→ Brief descriptive captions:
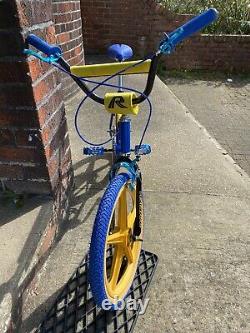 Raleigh Burner Mk2 Vintage Made In England Old School BMX Mag Tuff Blue Burner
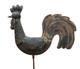 Three Ancient Beautiful Copper Riveted Rooster Weathervane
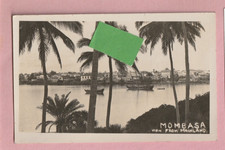 Quênia - Vista do continente, Mombaça. Cartão postal de barco de pesca comprar usado  Enviando para Brazil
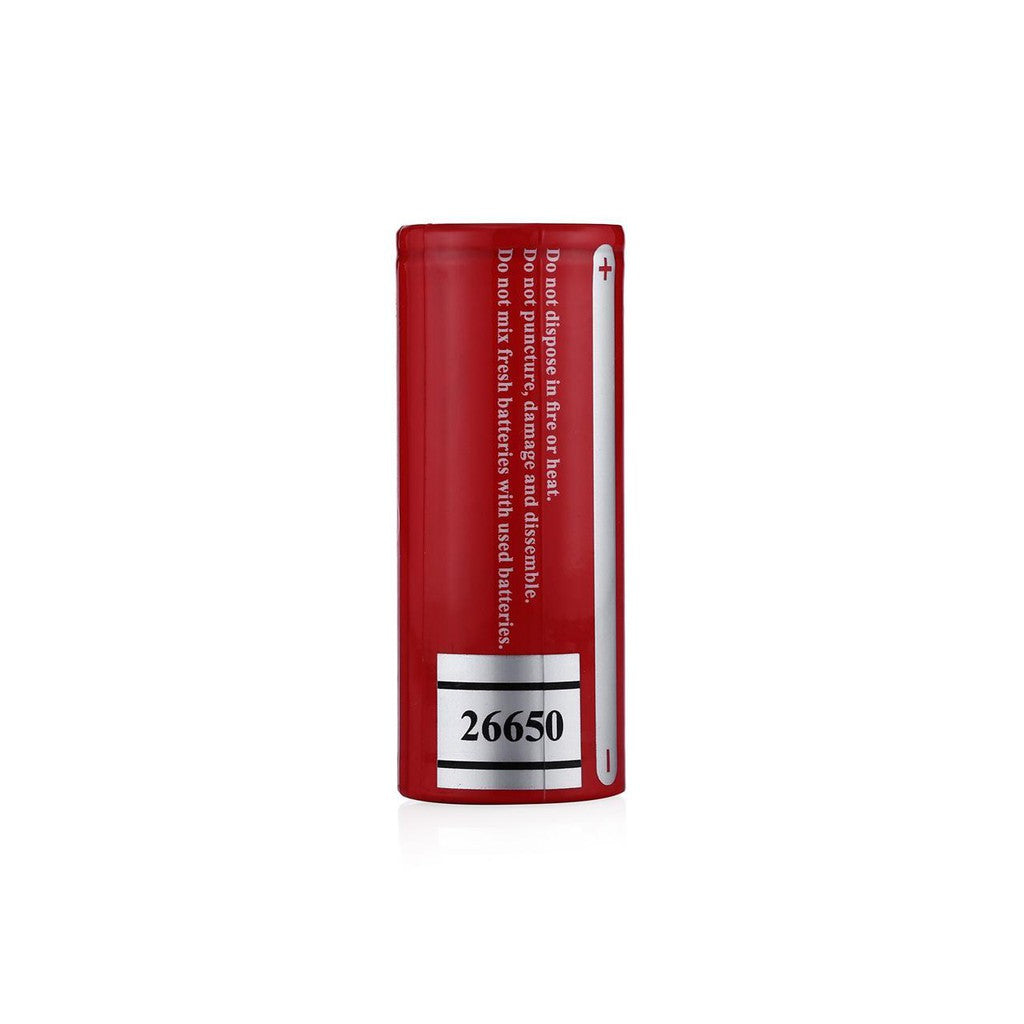 EBL LN-8191 3.7V 26650 5000mAh Rechargeable Li-Ion Lithium-Ion Battery with Included Storage Case for Portable and Emergency Electronics (Pack of 2)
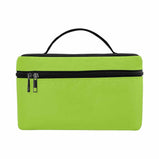 Cosmetic Bag, Yellow Green Travel Case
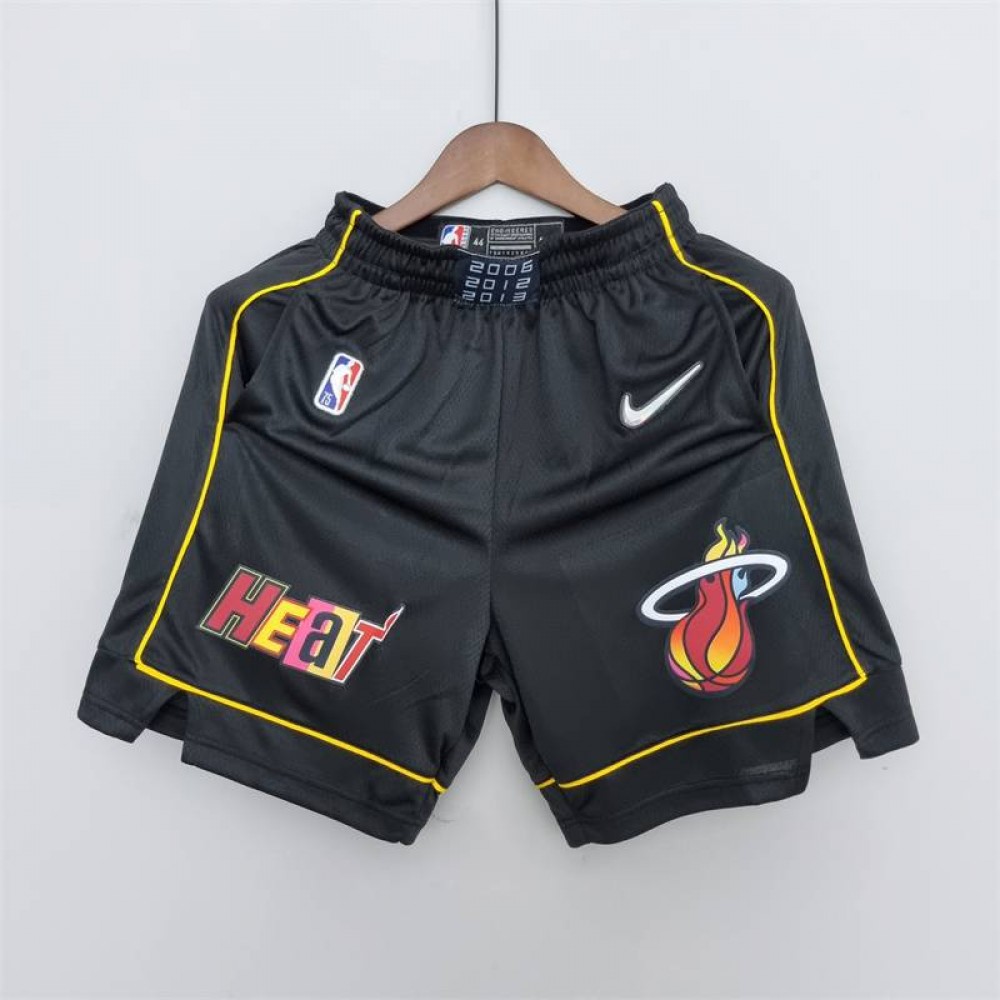 Pantalon Corto De Bolsillo Miami Heat 2022 City Edition Negro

→ EXERCISE REQUIREMENTS: Restate each entry word for word, leaving out any pictures.

→ EXERCISE ANSWER:
 Raleigh Burner Mk2 Vintage Made In England Old School BMX Mag Tuff Blue Burner
 Three Ancient Beautiful Copper Riveted Rooster Weathervane
 Quênia - Vista do continente, Mombaça. Cartão postal de barco de pesca comprar usado  Enviando para Brazil
 EBL LN-8191 3.7V 26650 5000mAh Rechargeable Li-Ion Lithium-Ion Battery with Included Storage Case for Portable and Emergency Electronics (Pack of 2)
 Cosmetic Bag, Yellow Green Travel Case
 Pantalon Corto De Bolsillo Miami Heat 2022 City Edition Negro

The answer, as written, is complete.